Aim of the task:
Write out an exact copy of the line containing "Zoeller - 1099-0001" and all lines that follow it in the data below, leaving out pictures.

*** Raw data ***

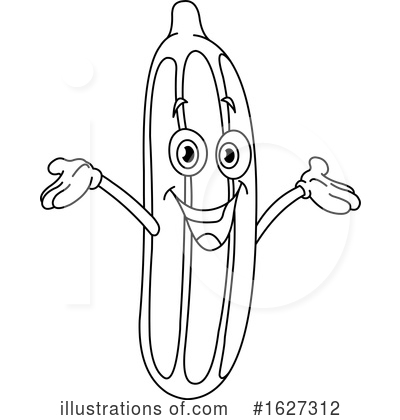 Royalty-Free (RF) Cucumber Clipart Illustration by yayayoyo - Stock Sample #1627312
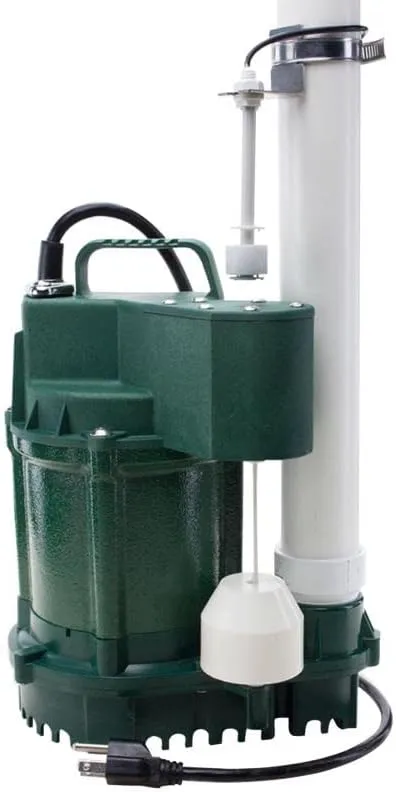 Zoeller - 1099-0001 - 3/4 HP 80 GPH Cast Iron Vertical Float Switch AC Submersible Sump Pump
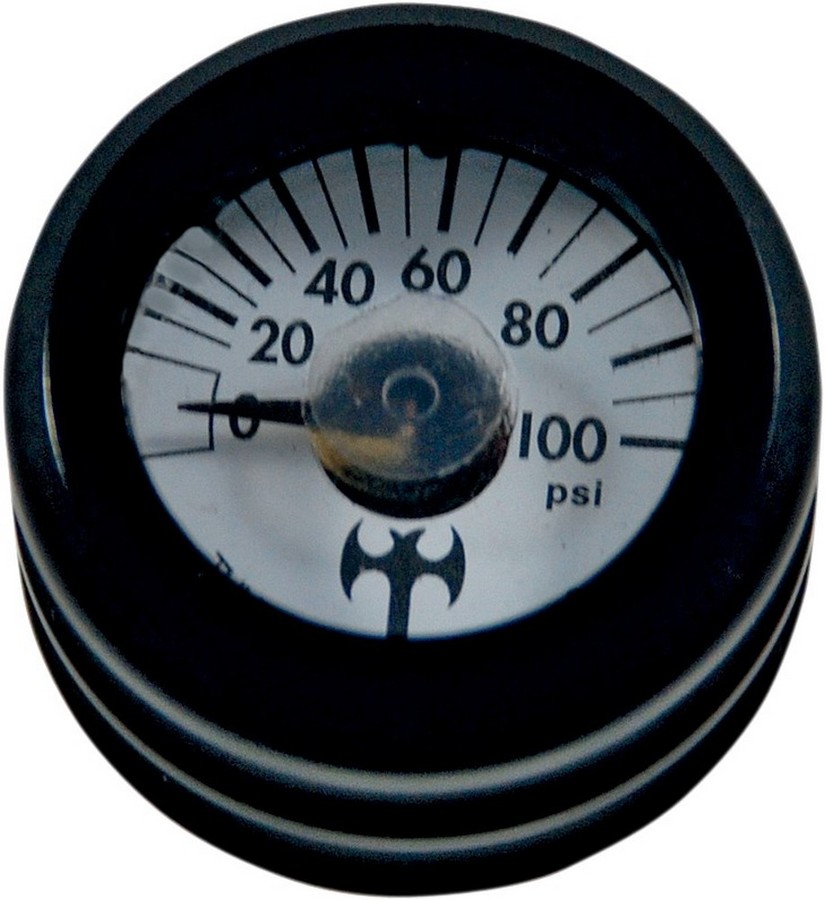 EDDIE TROTTA DESIGNS エディートロッタデザイン 油圧計 ミニブラック【GAUGE OIL PRESSR MINI BK [2212-0337]】 冷却関連 エンジン｜ウェビック　店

*** End of Raw data ***

Answer box:
 Zoeller - 1099-0001 - 3/4 HP 80 GPH Cast Iron Vertical Float Switch AC Submersible Sump Pump
 EDDIE TROTTA DESIGNS エディートロッタデザイン 油圧計 ミニブラック【GAUGE OIL PRESSR MINI BK [2212-0337]】 冷却関連 エンジン｜ウェビック　店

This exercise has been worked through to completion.